In 2003 scheerden de liberalen van premier Guy Verhofstadt hoge toppen: met bijna een kwart van de stemmen was de – toen nog niet ‘Open’ – VLD de belangrijkste politieke formatie van Vlaanderen. Hoogdagen waaraan liberale mandatarissen weemoedig denken, maar die voorgoed voorbij lijken.
Dieptepunt
Met een resultaat van 8,3 procent in de Grote Peiling komt de kiesdrempel wel erg dichtbij voor de tandem Lachaert-De Croo. Een analogie met de parlementsverkiezingen van 2019 geeft een (imperfect) idee van de benaderde situatie. Toen haalde de Open VLD van voorzitter Gwendolyn Rutten op gewestelijk niveau 13,5 procent. Een respectabele score, ruim boven de kiesdrempel van 5 procent.
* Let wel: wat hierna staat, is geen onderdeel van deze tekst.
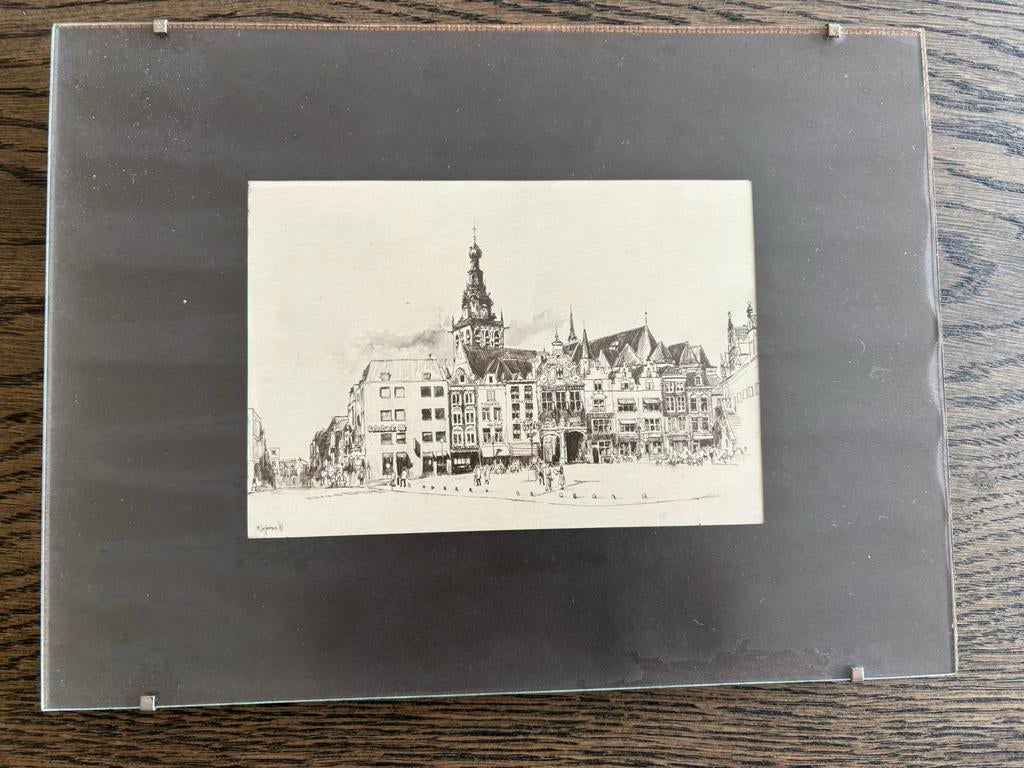 Pentekening Nijmegen - M.H. Jansen '81, Antiek en Kunst, Kunst | Tekeningen en Foto's, Ophalen of Verzenden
Dit percentage maskeerde evenwel belangrijke verschillen tussen de kieskringen. In Oost-Vlaanderen verdedigde de toekomstige premier de familiekleuren door 18 procent van de kiezers te overtuigen. In Antwerpen, een probleemprovincie voor de partij, deden de liberalen het met 9,5 procent van de stemmen dan weer zo’n 30 procent slechter dan het gewestelijk gemiddelde.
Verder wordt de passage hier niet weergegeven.